No todas las madres son iguales, eso es evidente. He conocido madres verdaderamente despiadadas con sus hijos (con sus hijas, en algún caso concreto), no hace falta que nos remontemos a Medea. Por eso no se puede generalizar. Cada madre, como cada persona, es un mundo. Por eso a mí me gusta hablar (y escribir) de la mía, que es la que mejor conozco y que es una madre extraordinaria. Que escucha, que comprende, que apoya, que no juzga. Que está. Sabe que la vida es como es, que va a su aire, y así hay que aceptarla. Con sus lados buenos y sus lados menos buenos. Nadie dijo que esto fuera un camino de rosas, precisamente. Y ahí estamos. Disfrutando de lo bueno y sobreponiéndonos al resto. Los meses avanzan a toda velocidad en el calendario y conviene atrapar los momentos. El momento. Este momento en el que escribo sobre ella.

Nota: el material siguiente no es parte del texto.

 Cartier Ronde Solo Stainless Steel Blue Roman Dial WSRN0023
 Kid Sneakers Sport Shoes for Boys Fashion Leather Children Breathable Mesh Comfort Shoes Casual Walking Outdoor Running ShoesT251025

Ese otro momento que llegará más tarde, cuando volvamos a compartir charla y mantel, preocupaciones y proyectos, algarabía y vermús.
Escribe Richard Ford sobre su madre: "Pero de alguna forma ella me hizo posible expresar mis afectos más auténticos, como lo haría un pasaje de gran altura literaria con un lector devoto". Esa madre, sí, también es la mía. La que me ha acompañado hasta aquí. La que sigue haciéndolo. Una de las que cuentan.